As the Arctic rapidly warms, permafrost – perennially frozen soil – is thawing fast. As ground temperature climbs above freezing, microbes break down organic matter in soil, releasing greenhouse gases that accelerate global warming. Permafrost soils hold twice as much carbon as the atmosphere: 1,600 billion tonnes.
Current climate models assume that permafrost gradually thaws from the surface downwards. Deeper layers become exposed only over decades or even centuries.
The models ignore that frozen soil doesn’t just lock up carbon – permafrost physically holds the landscape together. Across the polar regions, including boreal forests, permafrost is collapsing suddenly from ice melt. Instead of a few centimeters of soil thawing each year, several meters of soil destabilize within days or weeks. The land sinks and becomes inundated with swelling wetlands and lakes. Forests flood, killing vast stands of trees.

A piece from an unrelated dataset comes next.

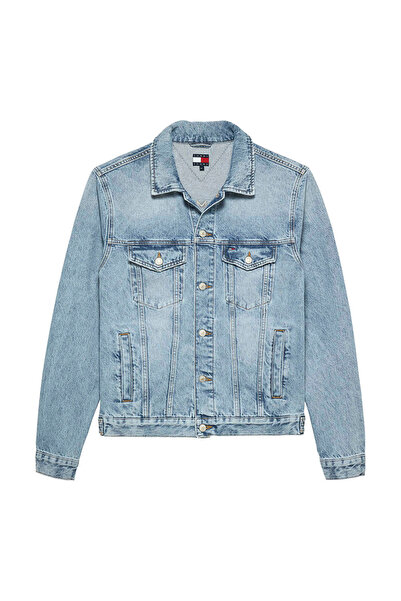 Tommy Hilfiger Jachetă trucker din denim pentru bărbați, cu logo Ryan pe spat...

Worse, the most unstable regions are the most carbon rich. Over 1 million square kilometers of Alaska, Canada, and Siberia are larded with Yedoma: thick permafrost deposits from the last ice age. Yedoma is often 90% ice, making it extremely vulnerable to warming. Moreover, Yedoma collectively contains 130 billion tonnes of organic carbon: equivalent to over a decade of the greenhouse gases that human emit in their industrial endeavors.
The warming impact from thawing permafrost is likely to be at least twice that expected from current models.